L’un des douze témoins a échappé aux sévices: «Parce que j’avais un inspecteur calme, je n’ai pas été attaché, sauf les menottes, ni bâillonné, mais j’ai vu plusieurs de mes compatriotes attachés sur leur siège et bâillonnés.» Les témoignages parlent de coups dans le ventre et le sexe, de cordes au ventre, serrées de plus en plus fort à la moindre parole. Lorsque les hommes demandent à ramener leurs bagages avec eux, on leur refuse. Ce n’est pas un détail. A plusieurs reprises, le gouvernement a promis que les étrangers reconduits à la frontière seraient expulsés «dignement» et qu’on leur éviterait l’humiliation de revenir au pays les mains vides.
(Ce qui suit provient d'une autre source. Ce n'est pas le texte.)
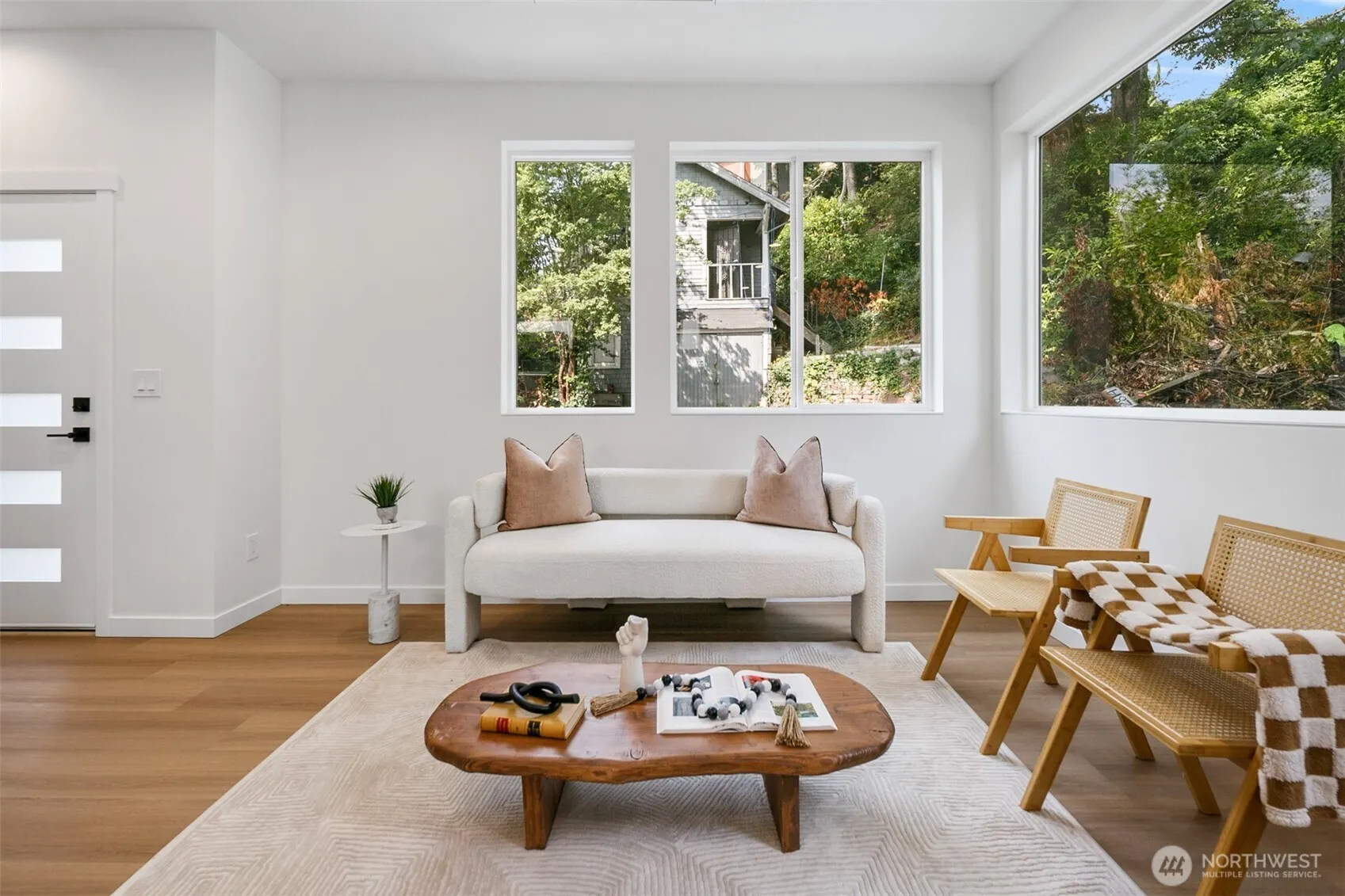2809 S Grand Street , Seattle, WA 98144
Alors que la Diccilec assure que l’administration de calmants aux expulsés est une pratique définitivement prohibée, les récits des jeunes Maliens comportent des détails particulièrement troublants. «J’ai vu les policiers en civil se répartir des sachets contenant des espèces de gélules translucides qui m’ont fait penser qu’on voulait nous droguer», dit un homme. «J’ai refusé de boire de l’eau, de peur qu’elle soit droguée», se souvient un autre. Depuis le saccage d’un avion à l’arrivée à Bamako l’an dernier, le Mali est considéré comme un pays à risques pour les expulsions. On peut toutefois supposer que la technique du coussin n’est pas exclusivement réservée aux ressortissants maliens. En 1991, dans le plus grand secret, un demandeur d’asile tamoul, Arumugam Kanapathipillaï, âgé de 33 ans, était mort à l’hôpital d’Aulnay-sous-Bois après avoir été entortillé dans une couverture sur un vol Paris-Colombo. Sept ans plus tard, alors que le rapport d’expertise montre que l’homme, qui était cardiaque, est mort d’asphyxie par bâillonnement, l’affaire n’est toujours pas jugée. Devant le magistrat instructeur, des policiers auraient reconnu que le bâillon est utilisé environ une fois sur deux. Et, le 20 septembre, comme le révèle Charlie Hebdo, sept Tamouls expulsés de Roissy ont raconté à leur arrivée qu’une femme avait été traînée par les cheveux et maltraitée. «Afin de l’empêcher de crier, on a mis un pansement adhésif sur sa bouche».

Enquête.

La Diccilec n’a pas souhaité répondre aux accusations des Maliens, et le ministère de l’Intérieur, qui affirmait, lors de la mort de Semira Adamu, que les policiers qui s’aviseraient d’avoir recours au coussin, au bâillon ou aux calmants seraient immédiatement poursuivis, envisage l’ouverture d’une enquête.